(Work order) Without including any pictures, give back all of the data exactly.

(Entries supplied)
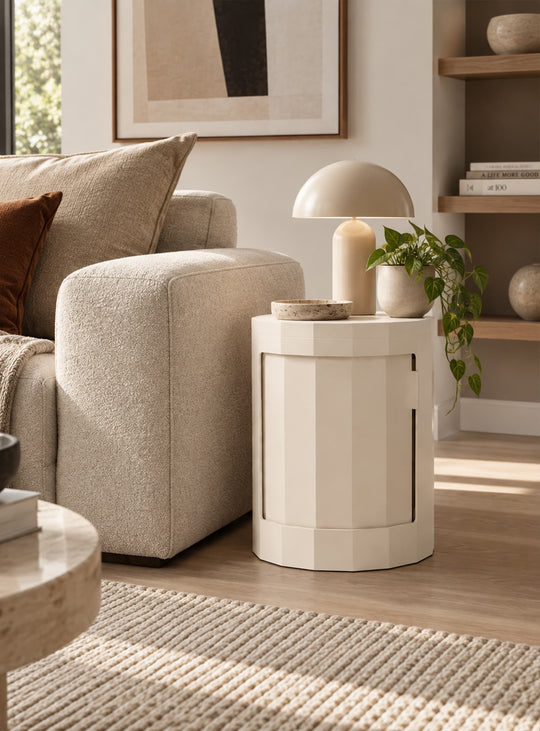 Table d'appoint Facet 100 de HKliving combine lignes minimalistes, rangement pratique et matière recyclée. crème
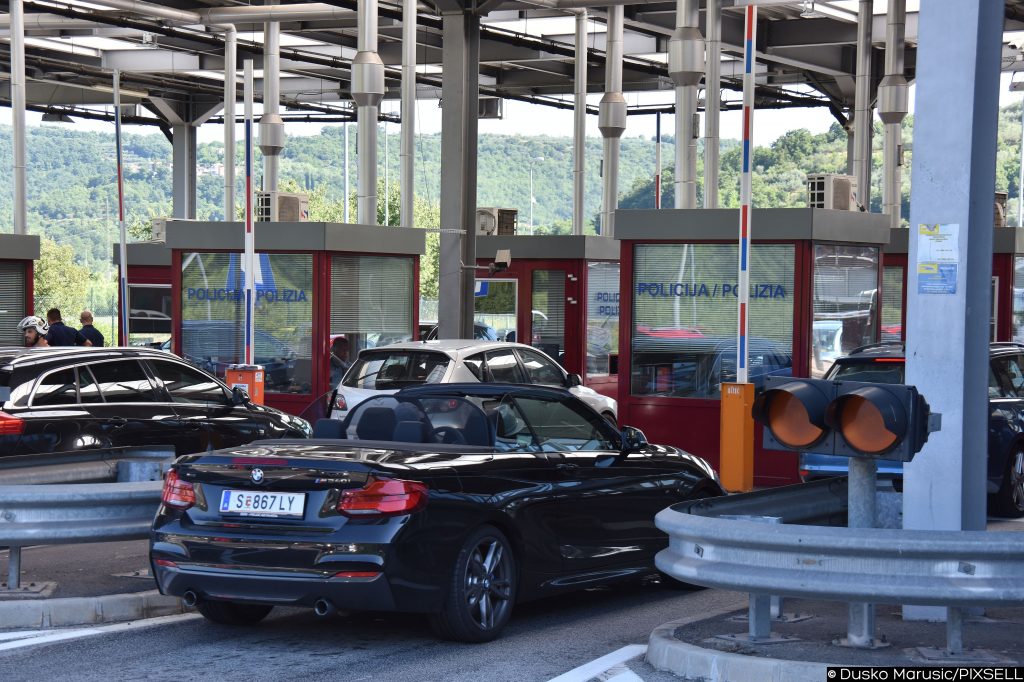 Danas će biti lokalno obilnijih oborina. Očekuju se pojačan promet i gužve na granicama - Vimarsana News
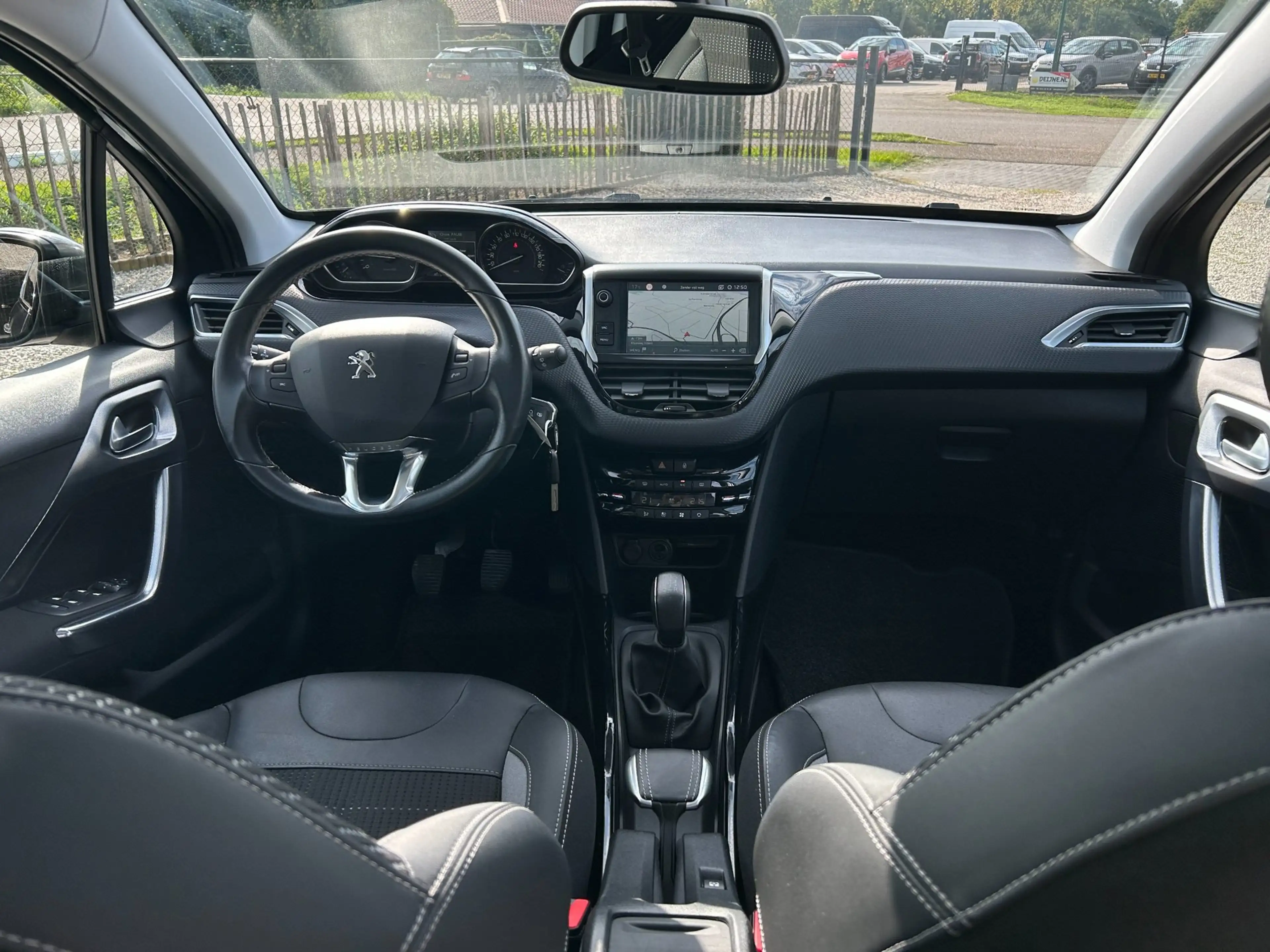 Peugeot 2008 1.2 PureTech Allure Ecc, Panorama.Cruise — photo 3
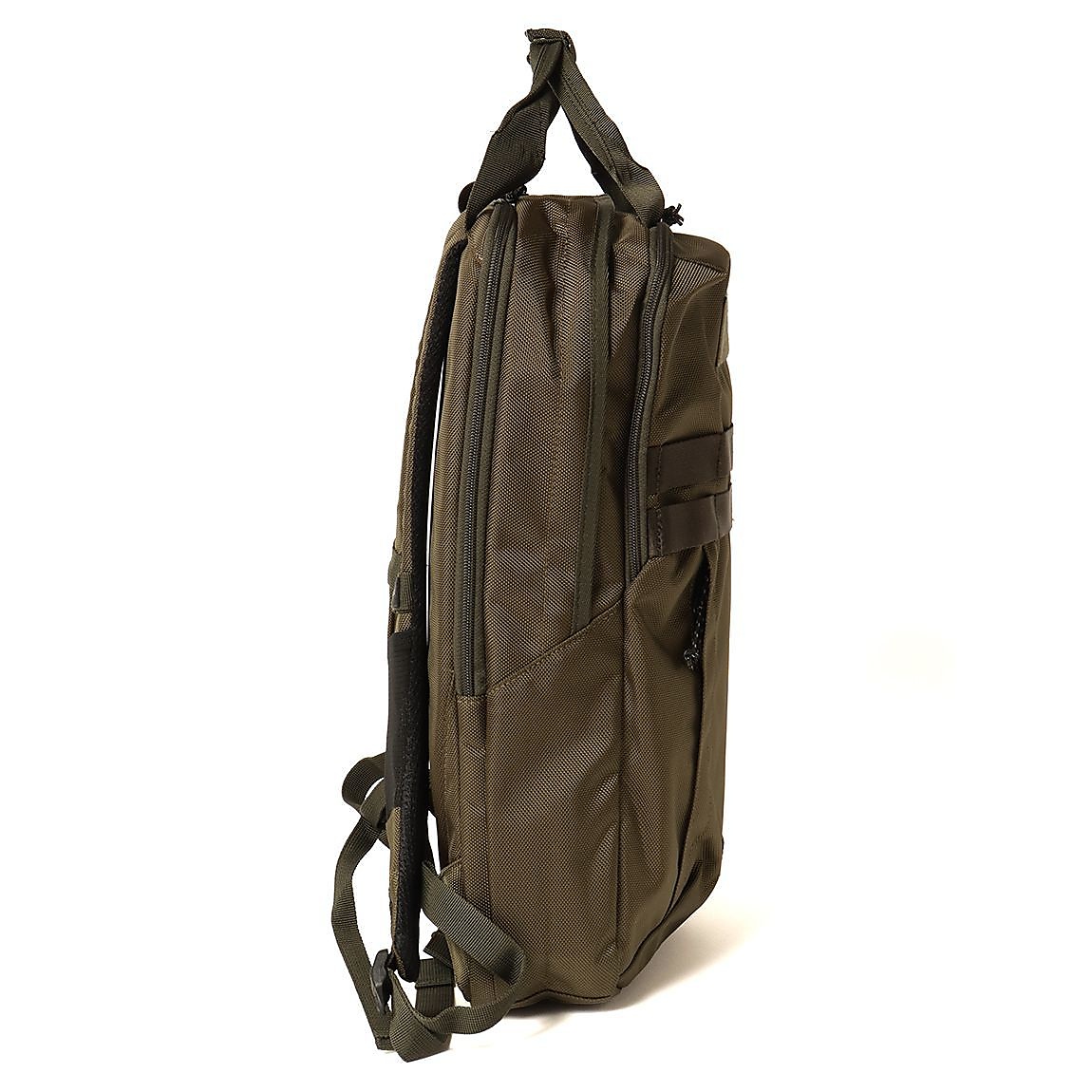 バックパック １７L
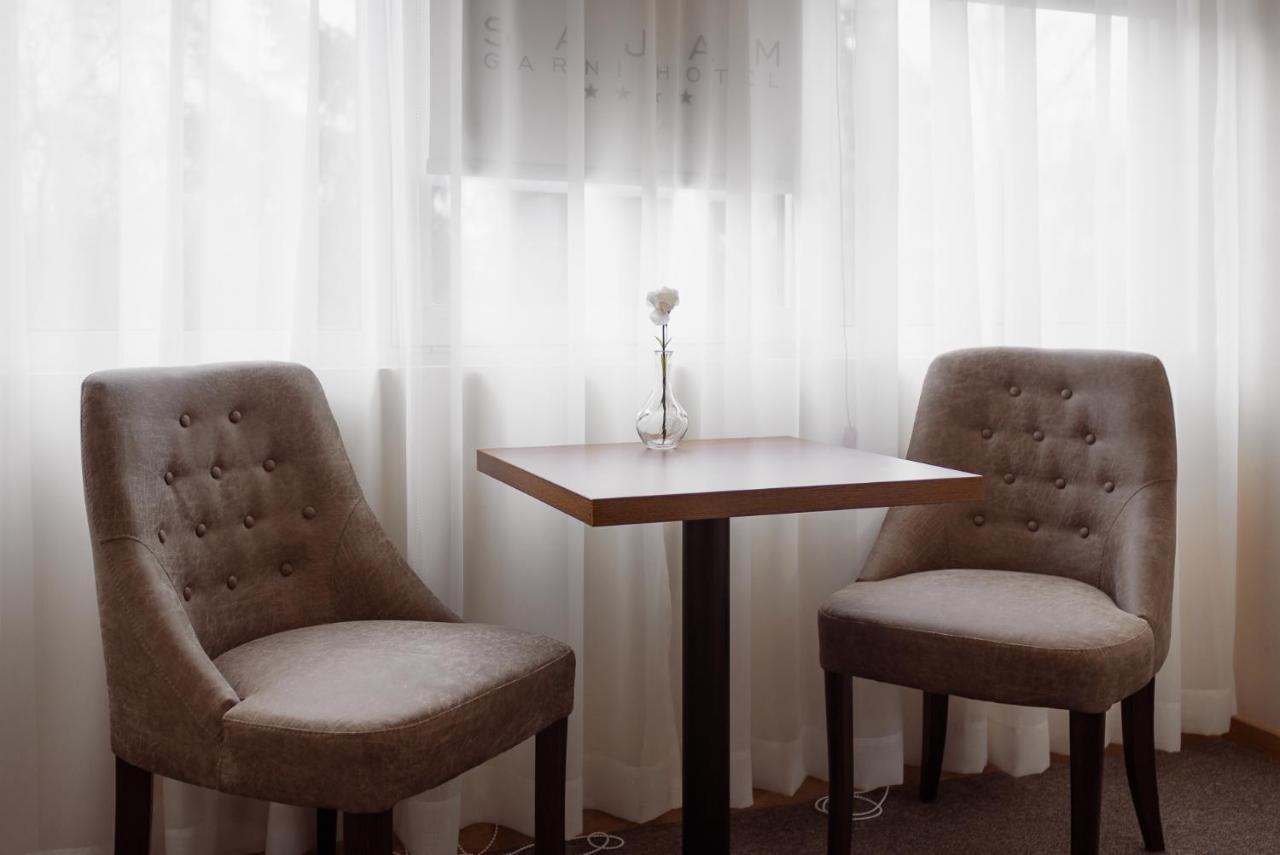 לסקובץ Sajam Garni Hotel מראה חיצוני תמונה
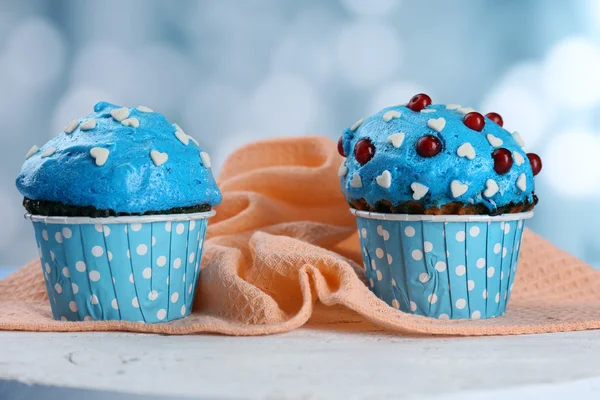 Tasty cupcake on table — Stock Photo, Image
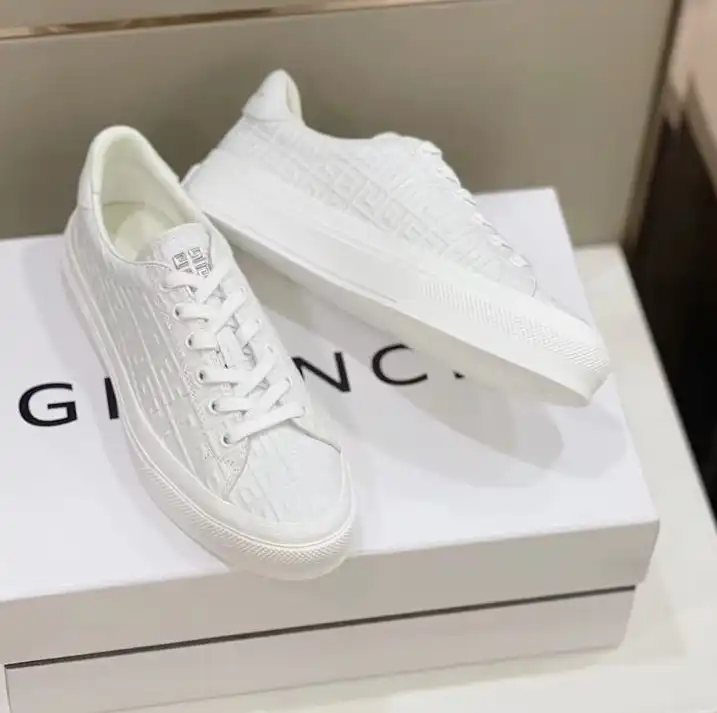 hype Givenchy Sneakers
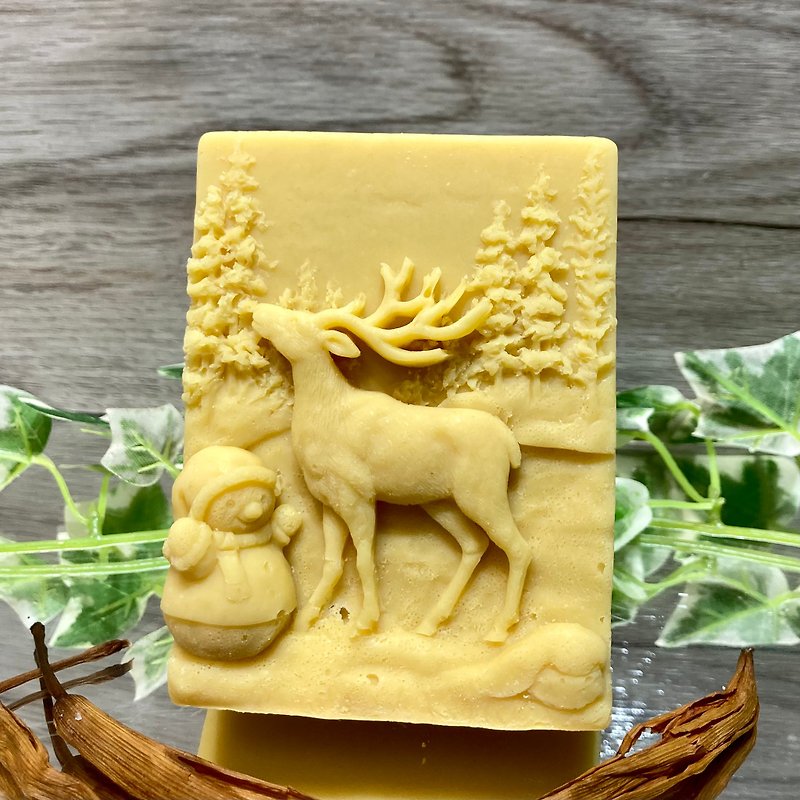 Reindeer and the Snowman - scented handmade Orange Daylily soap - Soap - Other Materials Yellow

(Solution to the problem)
 Table d'appoint Facet 100 de HKliving combine lignes minimalistes, rangement pratique et matière recyclée. crème
 Danas će biti lokalno obilnijih oborina. Očekuju se pojačan promet i gužve na granicama - Vimarsana News
 Peugeot 2008 1.2 PureTech Allure Ecc, Panorama.Cruise — photo 3
 バックパック １７L
 לסקובץ Sajam Garni Hotel מראה חיצוני תמונה
 Tasty cupcake on table — Stock Photo, Image
 hype Givenchy Sneakers
 Reindeer and the Snowman - scented handmade Orange Daylily soap - Soap - Other Materials Yellow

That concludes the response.